Digitaler Verdruss und analoge Renaissance
Wer heute noch an Datenschutz glaubt, dem ist nicht zu helfen.
Das digitale Zeitalter hat uns das Fürchten gelehrt, die Euphorie ist vorbei. Wir haben unsere Privatsphäre verloren und dabei auch noch willig mitgeholfen. Wer heute noch an Datenschutz glaubt, dem ist nicht zu helfen. Aber darf man auch einmal offline sein? Kaum. Die neuen Stromzähler zum Beispiel sollen künftig jede Viertelstunde den aktuellen Energieverbrauch aus der Wohnung melden.
Gleichzeitig sind wir zur Do-it-yourself-Gesellschaft geworden. Das hat einerseits ganze Branchen in den Ruin getrieben, andererseits den Firmen Geld sparen geholfen, ohne dass sie sich mit günstigeren Preisen revanchiert hätten.

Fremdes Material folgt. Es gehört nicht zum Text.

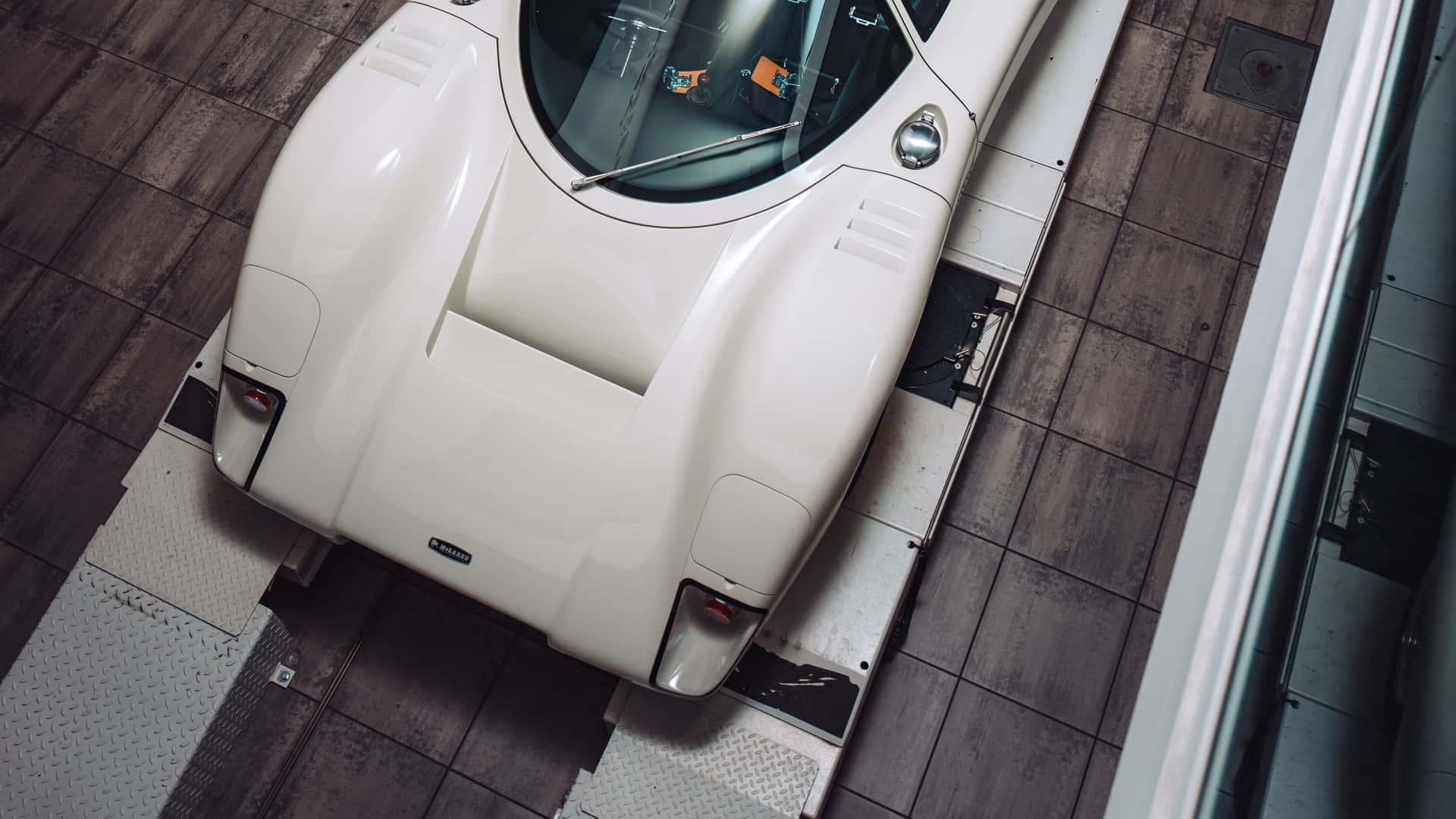 McLaren M6GT (9)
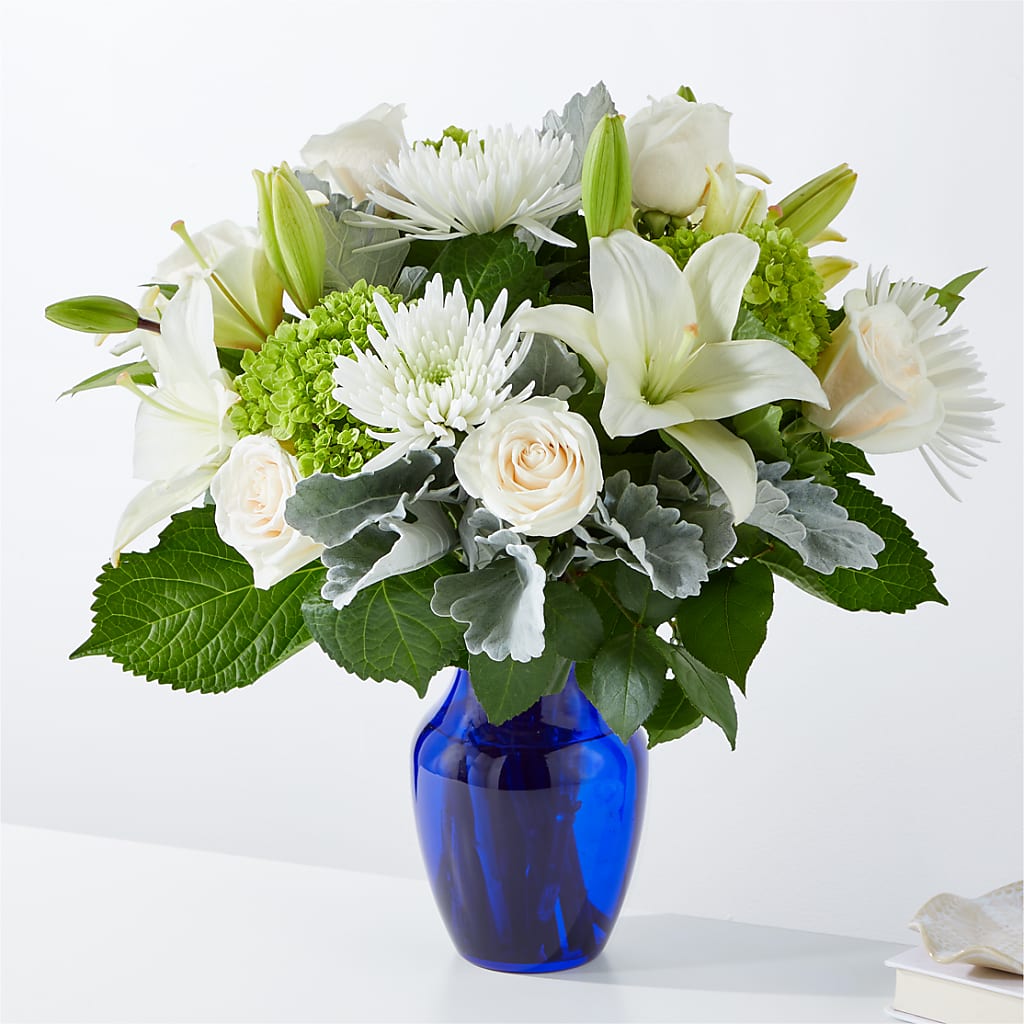Snowy Dreams Bouquet – Hirzel Brothers Greenhouse, Toledo OH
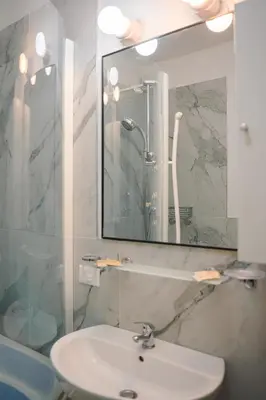 Bagno di Palladio Apartment - In Centro con Garage, Vista Fiume, Jacuzzi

Wir haben uns insgesamt in die Abhängigkeit einiger weniger internationaler Konzerne begeben, die uns ihre Bedingungen diktieren.
Demnächst werden übrigens Audi und Google kooperieren. Das Auto der Zukunft ist nicht nur permanent ortbar, sondern wird auch mitteilen, was gerade zu tun oder zu lassen ist. Möglicherweise verblödet der Mensch in dieser „schönen neuen Welt“ gerade ein bisschen – aber wen stört’s?
Interessanterweise bahnt sich gerade eine kleine „analoge“ Renaissance an. Die Bürger haben immer weniger Lust, durch neue Techniken wie der Patientendatenerfassung „ELGA“ oder den digitalen Stromzählern zum gläsernen Menschen zu werden. Man meldet sich massenhaft vom „Fortschritt“ ab, weil die Verknüpfung zwischen Bürokratie und lückenloser Überwachung Unbehagen bereitet. „Analoges“ verkauft sich (wieder): Im Weihnachtsgeschäft 2013 waren Bücher ein Hit – und sogar die Hersteller von Papierkalendern meldeten (trotz des Siegeszugs der Smartphones!) verdutzt ein Umsatz-Plus. Die Menschen gehen nach wie vor ins Kino, schauen auch wieder mehr fern. Und die amerikanische Investorenlegende Warren Buffett hat zuletzt in Zeitungen investiert. Klar, die sind in den USA gerade billig zu haben. Aber Buffet kauft nichts, was sich nicht langfristig rentiert. Selbst die gute alte Langspielplatte feiert ein Revival.
Der Blogger als Warner
Die NSA-Abhöraffäre hat aus manchem Internet-Aficionado einen Skeptiker gemacht: So verblüffte der Spiegel-online-Blogger Sascha Lobo kürzlich in Wien. Er war mit dem als Widerpart eingeladenen FAZ-Herausgeber und Internet-Skeptiker Frank Schirrmacher nämlich völlig einer Meinung. Beide warnten davor, dass demokratische Grundrechte der Digitalisierung zum Opfer fallen.
Schon klar: Der Geist ist aus der Flasche, es gibt kein Zurück. Aber die „analoge“ Welt gibt kräftige Lebenszeichen von sich.